Prima delle esecuzioni del dicembre 2014, l’ultima risaliva al marzo 2006, quando un fabbro di 41 anni, condannato per aver ucciso la moglie e il figlioletto di sette mesi, è stato impiccato nel carcere di Swaqa. Da allora, 122 persone sono state condannate a morte e sono in carcere per vari reati, tra cui omicidio, stupro di minori e spionaggio, ma le loro sentenze non sono state eseguite.
All’inizio del 2014, alcuni legislatori giordani avevano chiesto di tornare a implementare la pena capitale al fine di porre un freno al crescente aumento dei tassi di criminalità. L'8 novembre 2014, il Ministro dell'Interno Hussein Majali ha detto che il Governo aveva formato un comitato per decidere se ripristinare o meno le esecuzioni in Giordania, lasciando intendere che la moratoria poteva finire, perché "l'opinione pubblica ritiene che l'aumento della criminalità è stato il risultato della mancata applicazione" della pena capitale.
Almeno 13 condanne a morte sono state comminate nel 2013, ha reso noto Penal Reform International sulla base di dati forniti dall’amministrazione penitenziaria giordana. Secondo informazioni governative, cinque condanne a morte sono state pronunciate, tutte nei confronti di uomini, nel 2014.
Alla fine del 2014, vi erano almeno 113 persone nel braccio della morte.
Il 23 dicembre 2014, è stato reso pubblico un sondaggio d'opinione secondo il quale più di due terzi dei giordani sono a favore della pena capitale. L'indagine, condotta tra il 23 novembre e il 5 dicembre dal Centro di Studi Strategici (CSS) dell'Università di Giordania, ha mostrato che l'81 per cento dei giordani sostiene la pena di morte mentre il 17 per cento si è detto contrario. Il CSS ha intervistato 1.200 giordani maggiorenni e un piccolo gruppo di 700 "opinion leader", tra cui esponenti politici, accademici e giornalisti. Secondo il sondaggio, l'80 per cento degli opinion leader si è espresso a favore della pena di morte e il 18 per cento contro. Tra gli oppositori della pena capitale, il 28 per cento del campione nazionale e il 18 per cento degli opinion leader hanno detto che sono contro perché la ritengono "inumana, essendo la vita e la morte solo nelle mani di Dio". Mentre il 22 per cento del campione nazionale che si oppone e il 21 per cento degli opinion leader hanno detto che il loro rifiuto è legato al timore che alcuni dei condannati e giustiziati possano in effetti risultare innocenti. L’indagine ha inoltre misurato i pareri in materia di sanzioni alternative e la possibilità di sostituire l'esecuzione con l'ergastolo. I risultati hanno mostrato che la grande maggioranza è contro questa soluzione – il 74 per cento del campione nazionale e il 79 per cento degli opinion leader.
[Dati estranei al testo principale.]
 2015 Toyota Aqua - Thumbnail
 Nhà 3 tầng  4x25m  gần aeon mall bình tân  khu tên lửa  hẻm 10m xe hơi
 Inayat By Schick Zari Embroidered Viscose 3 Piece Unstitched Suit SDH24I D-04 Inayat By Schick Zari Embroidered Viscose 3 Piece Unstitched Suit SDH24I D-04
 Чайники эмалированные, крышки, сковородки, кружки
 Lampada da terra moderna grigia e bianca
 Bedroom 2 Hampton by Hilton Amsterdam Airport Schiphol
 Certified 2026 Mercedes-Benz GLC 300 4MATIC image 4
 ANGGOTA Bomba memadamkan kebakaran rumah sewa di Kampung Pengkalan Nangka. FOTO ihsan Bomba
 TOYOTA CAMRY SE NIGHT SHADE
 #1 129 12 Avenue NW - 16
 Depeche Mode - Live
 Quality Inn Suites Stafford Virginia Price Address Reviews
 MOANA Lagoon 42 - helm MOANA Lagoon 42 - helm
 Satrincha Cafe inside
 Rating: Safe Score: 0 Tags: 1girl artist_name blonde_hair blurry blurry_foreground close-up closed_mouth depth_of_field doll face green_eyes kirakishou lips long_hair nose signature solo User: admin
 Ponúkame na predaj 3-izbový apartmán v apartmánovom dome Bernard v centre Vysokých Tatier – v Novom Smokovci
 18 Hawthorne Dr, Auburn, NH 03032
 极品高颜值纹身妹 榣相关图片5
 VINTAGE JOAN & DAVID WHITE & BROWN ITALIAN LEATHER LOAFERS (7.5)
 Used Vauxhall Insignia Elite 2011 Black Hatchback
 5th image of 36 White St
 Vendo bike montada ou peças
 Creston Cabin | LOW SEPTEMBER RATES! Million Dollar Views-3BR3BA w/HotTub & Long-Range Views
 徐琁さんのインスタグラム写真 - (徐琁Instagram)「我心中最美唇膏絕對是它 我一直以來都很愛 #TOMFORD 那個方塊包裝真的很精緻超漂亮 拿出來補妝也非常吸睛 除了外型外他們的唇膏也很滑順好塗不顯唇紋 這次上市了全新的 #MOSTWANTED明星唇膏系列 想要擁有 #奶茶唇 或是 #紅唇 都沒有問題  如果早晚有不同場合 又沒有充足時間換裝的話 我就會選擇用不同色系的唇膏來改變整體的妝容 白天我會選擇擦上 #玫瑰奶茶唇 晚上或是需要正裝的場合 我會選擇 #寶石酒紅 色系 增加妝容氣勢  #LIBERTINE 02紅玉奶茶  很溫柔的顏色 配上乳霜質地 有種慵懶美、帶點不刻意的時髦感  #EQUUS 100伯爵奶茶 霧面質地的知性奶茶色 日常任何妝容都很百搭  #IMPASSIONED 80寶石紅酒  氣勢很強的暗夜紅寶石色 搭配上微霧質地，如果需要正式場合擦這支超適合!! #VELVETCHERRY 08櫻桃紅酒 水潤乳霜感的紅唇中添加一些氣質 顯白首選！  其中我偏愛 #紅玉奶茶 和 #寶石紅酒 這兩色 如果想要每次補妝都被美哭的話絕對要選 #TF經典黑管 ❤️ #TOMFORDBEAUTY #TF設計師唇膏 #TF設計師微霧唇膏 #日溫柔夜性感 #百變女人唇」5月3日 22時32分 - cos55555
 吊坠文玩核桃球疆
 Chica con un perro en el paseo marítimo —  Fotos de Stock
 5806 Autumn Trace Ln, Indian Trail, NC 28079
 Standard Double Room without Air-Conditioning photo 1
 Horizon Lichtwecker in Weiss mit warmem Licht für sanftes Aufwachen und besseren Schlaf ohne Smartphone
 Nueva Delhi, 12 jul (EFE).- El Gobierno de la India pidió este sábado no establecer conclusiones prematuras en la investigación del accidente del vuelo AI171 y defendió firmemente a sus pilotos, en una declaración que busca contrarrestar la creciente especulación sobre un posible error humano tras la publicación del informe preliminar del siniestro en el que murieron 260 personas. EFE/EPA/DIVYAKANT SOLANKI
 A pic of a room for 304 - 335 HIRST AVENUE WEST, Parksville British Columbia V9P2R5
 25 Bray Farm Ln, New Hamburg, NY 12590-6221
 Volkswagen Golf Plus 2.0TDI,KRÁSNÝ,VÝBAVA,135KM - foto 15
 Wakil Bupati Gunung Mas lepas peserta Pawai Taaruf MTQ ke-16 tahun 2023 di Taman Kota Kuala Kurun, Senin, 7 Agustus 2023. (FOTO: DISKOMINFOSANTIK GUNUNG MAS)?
Il 24 ottobre 2013, la Giordania è stata esaminata nell’ambito della Revisione Periodica Universale del Consiglio dei Diritti Umani delle Nazioni Unite. Le raccomandazioni volte a stabilire una moratoria ufficiale sulle esecuzioni in vista dell’abolizione della pena di morte e aderire al Secondo Protocollo Opzionale al Patto Internazionale sui Diritti Civili e Politici non hanno incontrato il favore della Giordania.
Il 18 dicembre 2014, la Giordania si è astenuta sulla Risoluzione per una moratoria sull'uso della pena di morte all'Assemblea generale delle Nazioni Unite.